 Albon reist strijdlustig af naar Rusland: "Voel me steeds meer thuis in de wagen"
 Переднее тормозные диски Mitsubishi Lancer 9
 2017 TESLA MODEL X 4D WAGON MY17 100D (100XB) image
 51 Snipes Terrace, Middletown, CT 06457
---
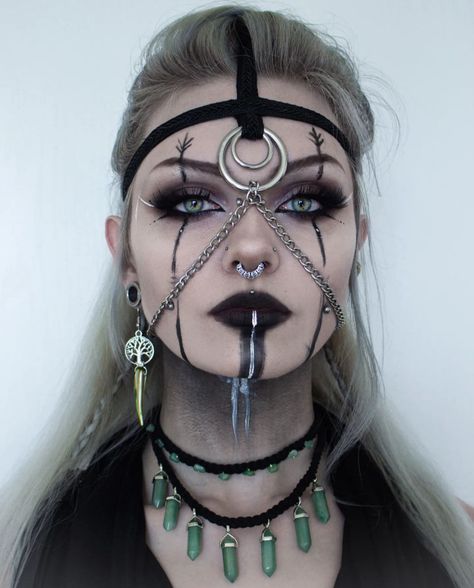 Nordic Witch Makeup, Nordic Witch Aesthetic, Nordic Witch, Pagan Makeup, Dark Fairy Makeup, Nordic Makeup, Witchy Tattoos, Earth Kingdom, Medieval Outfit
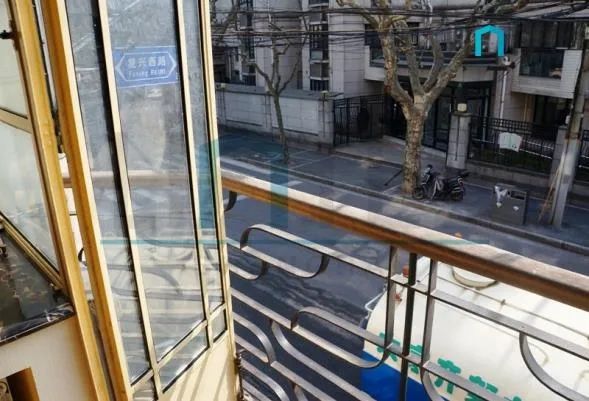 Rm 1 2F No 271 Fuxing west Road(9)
---
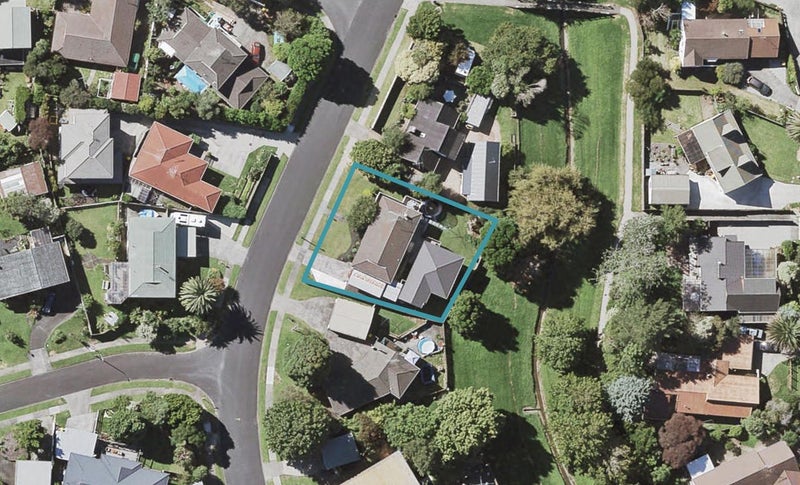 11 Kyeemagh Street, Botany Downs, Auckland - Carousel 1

## [About this exercise]
A clean copy is needed of the lines in the listing above from the one with "Nordic Witch Makeup, Nordic" through the one with "Rm 1 2F No 271 Fuxing west Road(9)", exact in every word and free of pictures.

## [Result]
 Nordic Witch Makeup, Nordic Witch Aesthetic, Nordic Witch, Pagan Makeup, Dark Fairy Makeup, Nordic Makeup, Witchy Tattoos, Earth Kingdom, Medieval Outfit
 Rm 1 2F No 271 Fuxing west Road(9)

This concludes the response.